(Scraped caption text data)
--------
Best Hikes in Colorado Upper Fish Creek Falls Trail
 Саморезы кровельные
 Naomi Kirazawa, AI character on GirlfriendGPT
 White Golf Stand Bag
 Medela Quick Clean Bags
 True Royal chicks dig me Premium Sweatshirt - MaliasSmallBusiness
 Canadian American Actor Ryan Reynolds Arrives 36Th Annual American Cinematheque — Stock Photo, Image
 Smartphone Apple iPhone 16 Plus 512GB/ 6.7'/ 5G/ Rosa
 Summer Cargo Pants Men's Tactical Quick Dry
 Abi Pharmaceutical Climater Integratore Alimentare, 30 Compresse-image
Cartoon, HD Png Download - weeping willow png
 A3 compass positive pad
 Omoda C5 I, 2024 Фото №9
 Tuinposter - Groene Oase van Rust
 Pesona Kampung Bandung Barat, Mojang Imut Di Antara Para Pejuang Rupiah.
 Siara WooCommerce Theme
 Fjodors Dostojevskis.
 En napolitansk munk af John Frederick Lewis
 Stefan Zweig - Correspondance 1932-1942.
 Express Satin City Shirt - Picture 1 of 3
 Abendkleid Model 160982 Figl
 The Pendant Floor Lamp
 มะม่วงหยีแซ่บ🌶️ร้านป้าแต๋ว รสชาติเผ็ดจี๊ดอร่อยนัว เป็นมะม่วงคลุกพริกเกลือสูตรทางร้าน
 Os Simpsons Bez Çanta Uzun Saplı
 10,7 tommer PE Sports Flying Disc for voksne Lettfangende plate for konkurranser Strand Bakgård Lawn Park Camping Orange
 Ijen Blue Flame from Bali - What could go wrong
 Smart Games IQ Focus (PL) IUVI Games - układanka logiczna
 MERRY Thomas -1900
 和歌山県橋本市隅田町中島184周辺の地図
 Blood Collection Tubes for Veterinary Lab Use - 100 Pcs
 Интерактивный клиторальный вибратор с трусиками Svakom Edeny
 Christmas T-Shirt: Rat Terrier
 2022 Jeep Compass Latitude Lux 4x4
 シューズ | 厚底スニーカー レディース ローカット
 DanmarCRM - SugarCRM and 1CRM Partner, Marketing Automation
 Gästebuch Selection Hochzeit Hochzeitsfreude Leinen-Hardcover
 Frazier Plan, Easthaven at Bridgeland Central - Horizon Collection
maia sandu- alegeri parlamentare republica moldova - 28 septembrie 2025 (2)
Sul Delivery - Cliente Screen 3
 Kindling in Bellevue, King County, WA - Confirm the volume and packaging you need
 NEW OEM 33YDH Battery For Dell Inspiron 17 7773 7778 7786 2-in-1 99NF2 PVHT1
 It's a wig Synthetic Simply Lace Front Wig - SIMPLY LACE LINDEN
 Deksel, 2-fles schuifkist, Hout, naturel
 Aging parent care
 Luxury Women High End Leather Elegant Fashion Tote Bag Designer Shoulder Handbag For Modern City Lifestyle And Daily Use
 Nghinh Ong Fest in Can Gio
--------
§ **Task item**
Copy, please, every line from the start of the entries down to the line that holds "Canadian American Actor", with both of those lines included and no others.

§ **Exercise solution**
Best Hikes in Colorado Upper Fish Creek Falls Trail
 Саморезы кровельные
 Naomi Kirazawa, AI character on GirlfriendGPT
 White Golf Stand Bag
 Medela Quick Clean Bags
 True Royal chicks dig me Premium Sweatshirt - MaliasSmallBusiness
 Canadian American Actor Ryan Reynolds Arrives 36Th Annual American Cinematheque — Stock Photo, Image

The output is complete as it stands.